All patients included in this retrospective study harbored at least one molecularly confirmed mutation of the ABCA4 gene and had a clinical presentation consistent with ABCA4-related retinopathy. As with other natural history studies of Stargardt disease, those found to have only one pathogenic variant in ABCA4 but who had a consistent phenotype were included, with the assumption that a second variant was present but undetected. Patients with additional pathology that could potentially influence the ERG were excluded. All had attended the Department of Electrophysiology at Moorfields Eye Hospital between October 2000 and June 2019 and had undergone ERG testing according to the International Society for Clinical Electrophysiology of Vision (ISCEV) standard,2,13 using gold foil corneal recording electrodes. Patients who had undergone recordings with periorbital skin electrodes were excluded. All applicable institutional and governmental regulations were followed (Research Ethics Committee Approval Number 20/HRA/2158). The study adhered to the tenets of the Declaration of Helsinki. 
ERG Data Acquisition and Expert Evaluation
The timing and amplitude of the ISCEV standard DA 10 and LA 3 ERG a- and b-waves and the LA 30 Hz ERG components were quantified and used for comparison with machine learning assessments. The classification into each of the three ERG phenotypes took into account patient age, pupil size during testing, and an assessment of the technical quality of recordings on a scale of 1 (limited compliance/physiologic artifacts but technically adequate recordings) to 5 (highest technical quality). ERG data were acquired at one visit from each patient. 
Variant Detection
Methods included direct Sanger sequencing, arrayed primer-extension analysis,14,15 testing of multiple-gene panels by next-generation sequencing, and whole-exome or whole-genome sequencing. Patients with pathogenic variants in genes potentially associated with a similar phenotype (chiefly PRPH2) were excluded. 
Data Preprocessing
All data analyses were completed in Python (version 3.6.9) using common libraries for data analysis and machine learning, scikit-learn (version 0.24.2), scipy (version 1.4.1), and numpy (version 1.17.0). Before analysis, individual traces were shifted on the voltage scale by subtraction of the mean of the amplitudes corresponding to the five time point values directly after time point zero (2.5 ms). Individual traces were also interpolated onto a common timeline of 0.5-ms sampling from 0 to 80 ms. 

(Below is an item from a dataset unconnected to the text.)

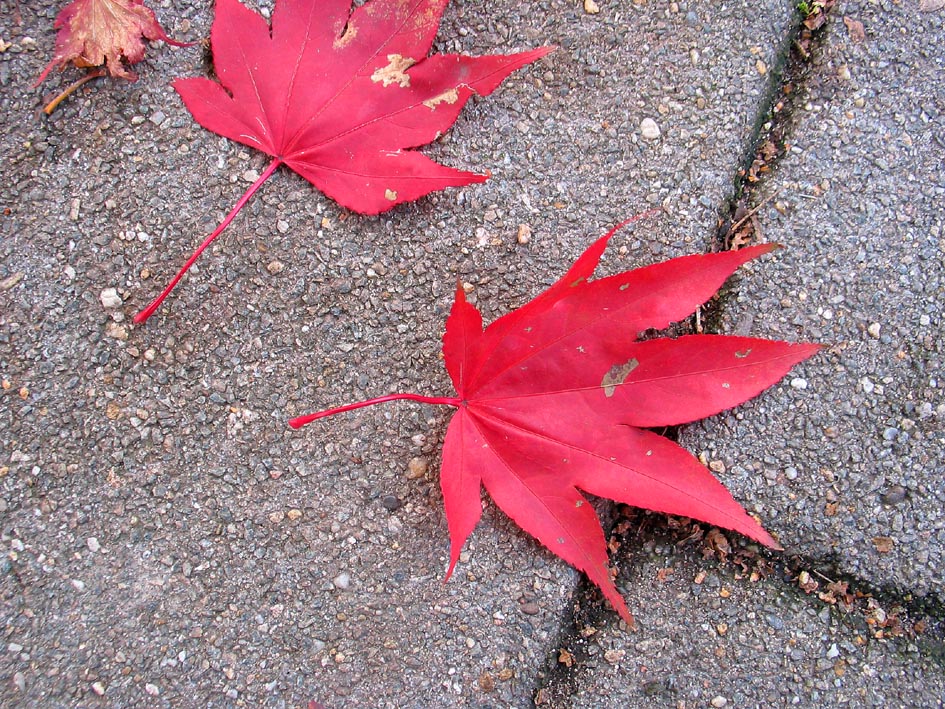 japanese maple varieties photos. Japanese maple or Acer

Automated ERG Trace Selection and Component Labeling
A minimum of two and often many more repetitions of ERG traces were recorded in the cohort data and were used at the time of recording to establish the consistency of responses.13 To reduce the influence of artifacts in ERG components, an algorithm was developed for the automatic selection of appropriate traces from a series of repeats, with a maximum of three traces selected per eye per stimulus. For the DA 10 and LA 3 ERGs, selection was according to the minimum mean squared error for three traces within a series of repeats. For the LA 30 Hz flicker ERG, the three traces of maximum 30 Hz signal were selected. 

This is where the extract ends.